* **About this task**: Leave out the images and set down the records below exactly.

* **Stored data**:

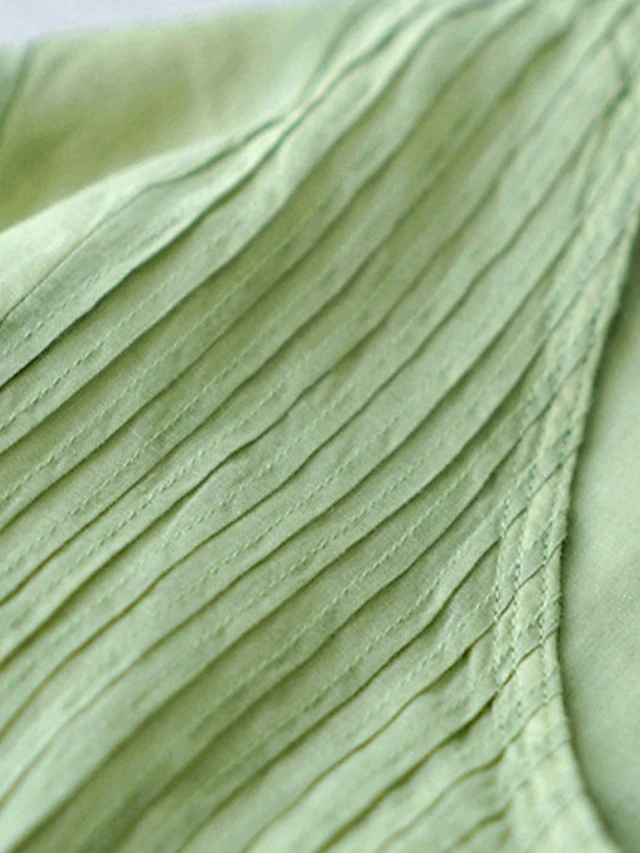 Women's Casual Dress Cotton Linen Dress White Dress Midi Dress Cotton Blend Basic Casual Outdoor Vacation V Neck Ruched Half Sleeve Summer Spring Fall 2023 Loose Fit White Green Apricot Pure Color M 9 Women's Casual Dress Cotton Linen Dress White Dress Midi Dress Cotton Blend Basic Casual Outdoor Vacation V Neck Ruched Half Sleeve Summer Spring Fall 2023 Loose Fit White Green Apricot Pure Color M - Image 9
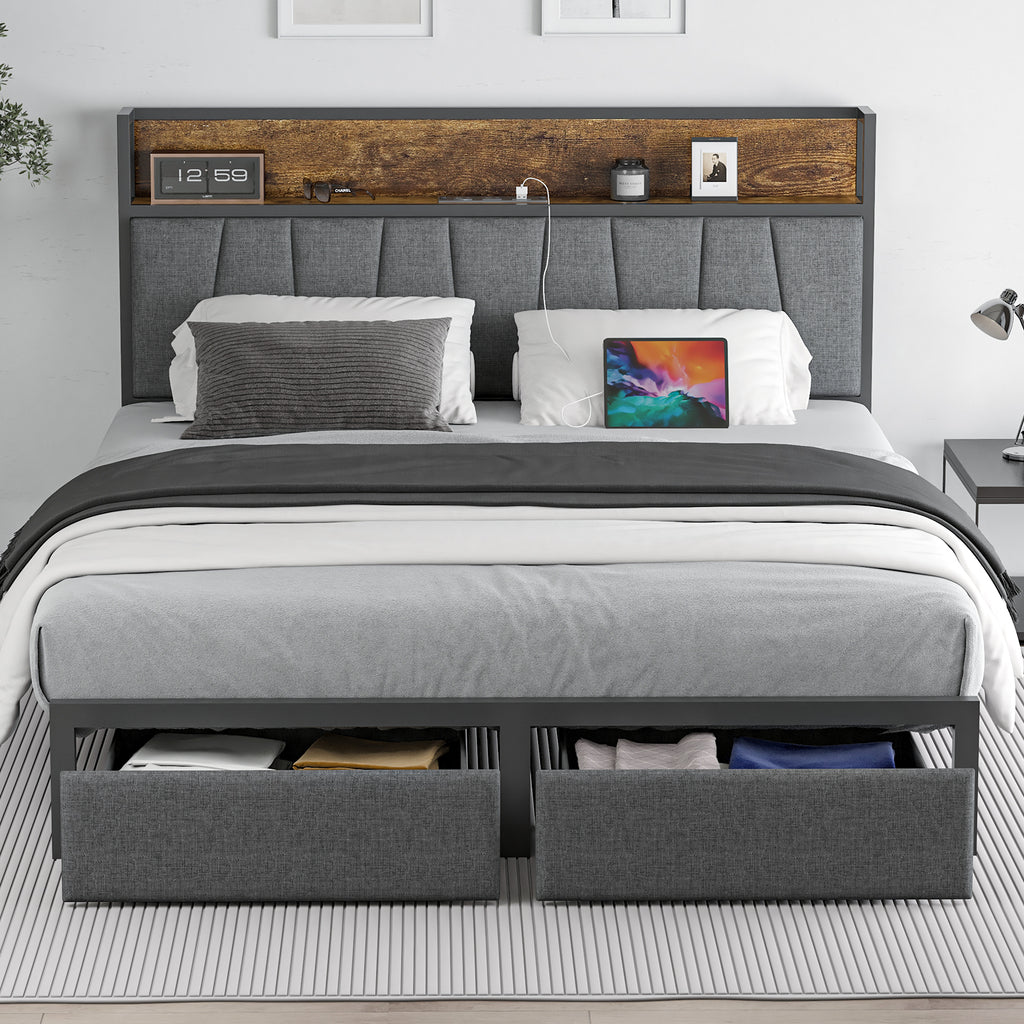 Bed With Charging Station And LED Lights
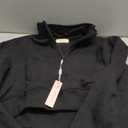 QINSEN Womens Half Zip Crop Sweatshirt High Neck Long Sleeve Pullover Cropped Top (Large, Black)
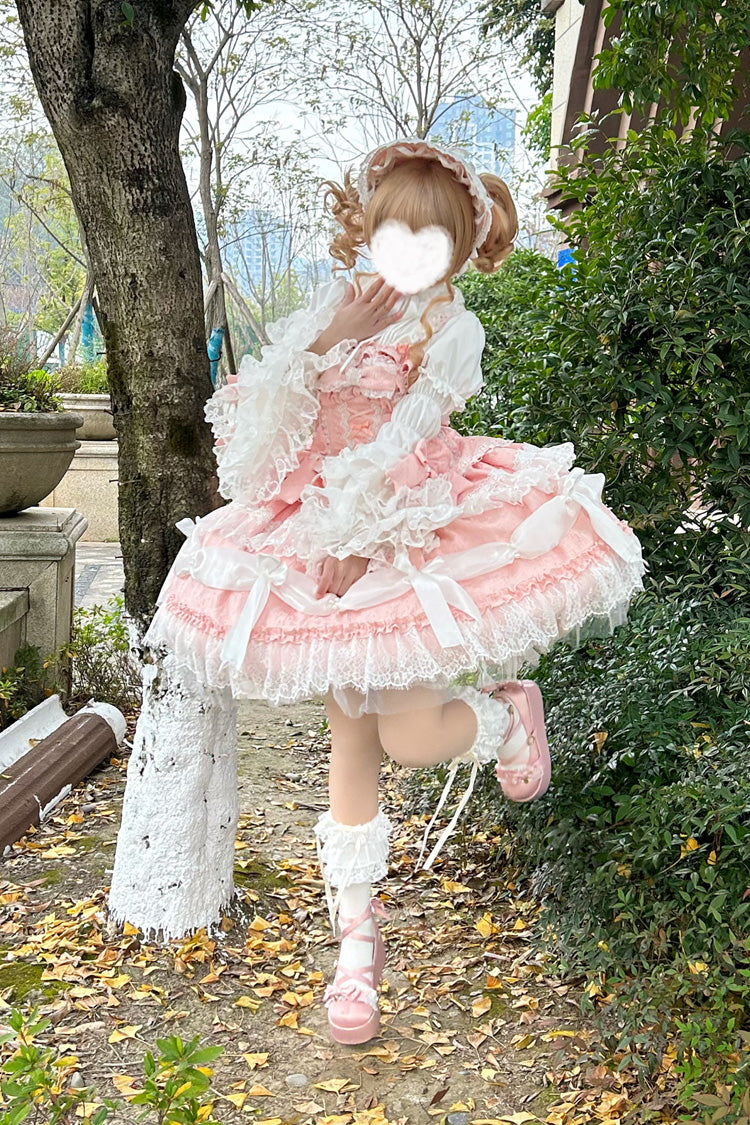 Pink Sleeveless Multi-Layer Ruffle Bow Lace Sweet Plus JSK Dress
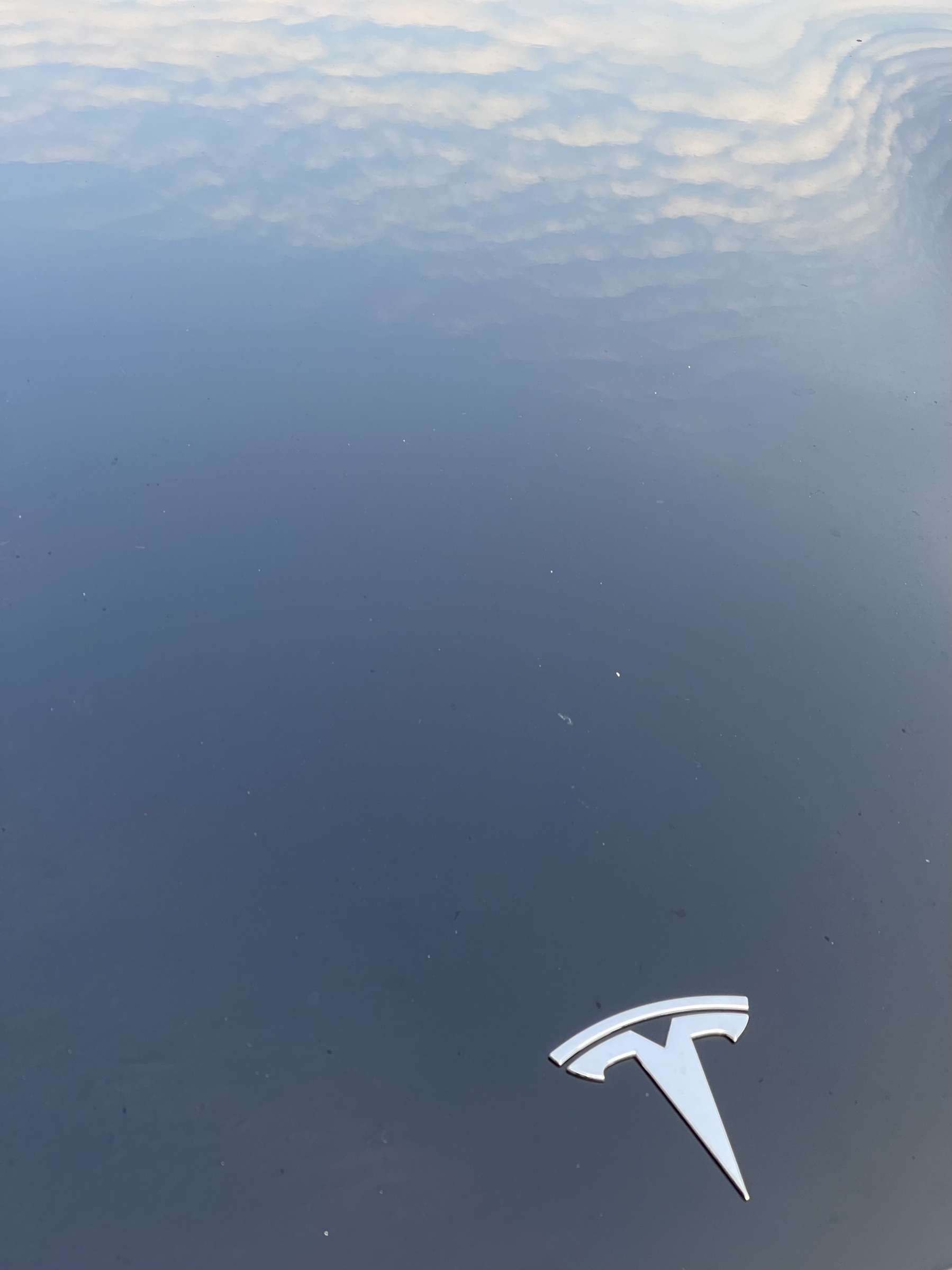 Sky reflection on the hood of a Tesla. Tesla logo in silver metal the lower right corner.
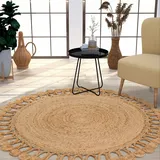 TT Home Jute Teppich Rund Wohnzimmer Esszimmer Boho Modern Handgemacht Mit Umrandung, Farbe: Natur 5, Größe:80 cm Rund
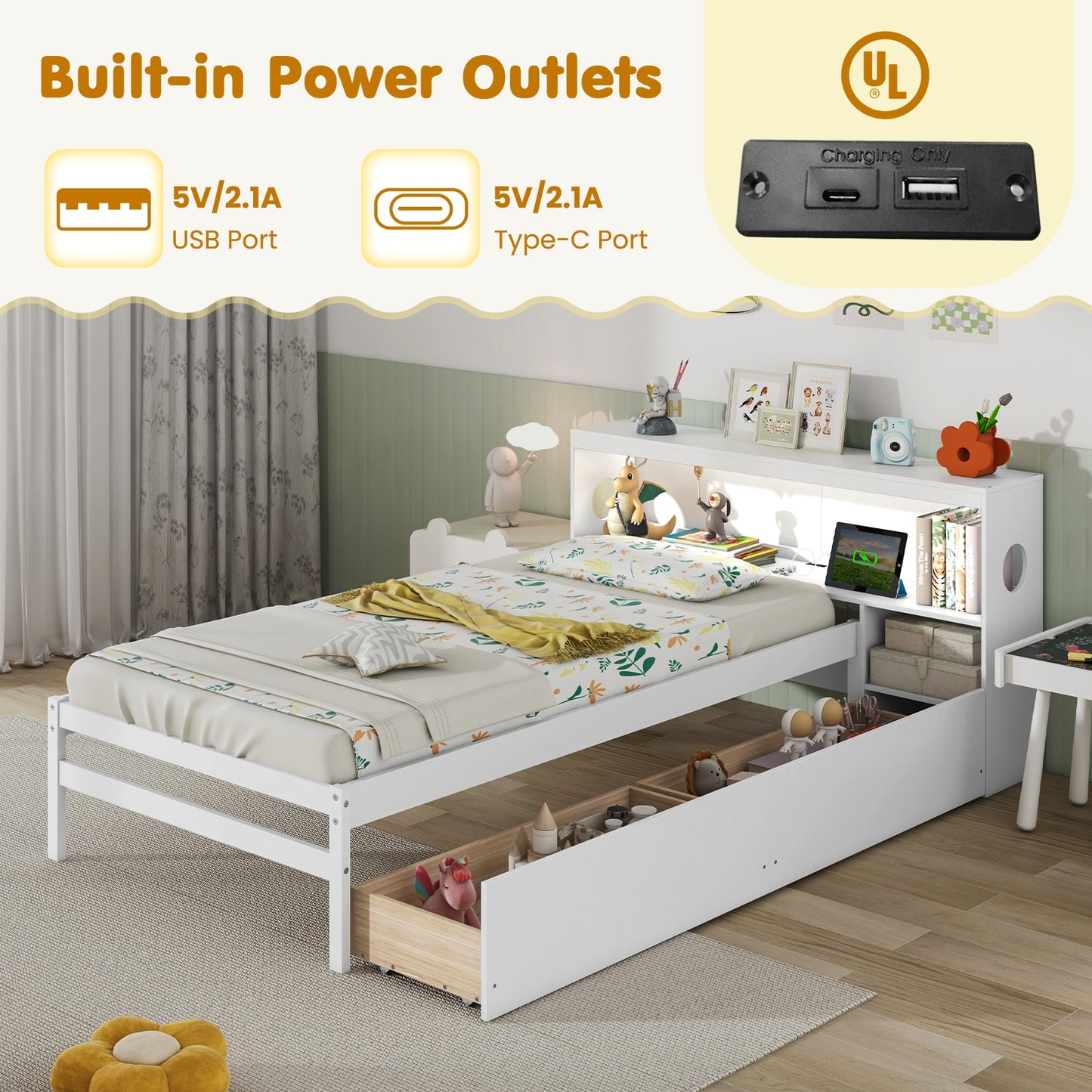 Twin Size Bed Frame with LED Light and Bookcase Headboard-White Kids Crystal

* **Your solution**:
 Women's Casual Dress Cotton Linen Dress White Dress Midi Dress Cotton Blend Basic Casual Outdoor Vacation V Neck Ruched Half Sleeve Summer Spring Fall 2023 Loose Fit White Green Apricot Pure Color M 9 Women's Casual Dress Cotton Linen Dress White Dress Midi Dress Cotton Blend Basic Casual Outdoor Vacation V Neck Ruched Half Sleeve Summer Spring Fall 2023 Loose Fit White Green Apricot Pure Color M - Image 9
 Bed With Charging Station And LED Lights
 QINSEN Womens Half Zip Crop Sweatshirt High Neck Long Sleeve Pullover Cropped Top (Large, Black)
 Pink Sleeveless Multi-Layer Ruffle Bow Lace Sweet Plus JSK Dress
 Sky reflection on the hood of a Tesla. Tesla logo in silver metal the lower right corner.
 TT Home Jute Teppich Rund Wohnzimmer Esszimmer Boho Modern Handgemacht Mit Umrandung, Farbe: Natur 5, Größe:80 cm Rund
 Twin Size Bed Frame with LED Light and Bookcase Headboard-White Kids Crystal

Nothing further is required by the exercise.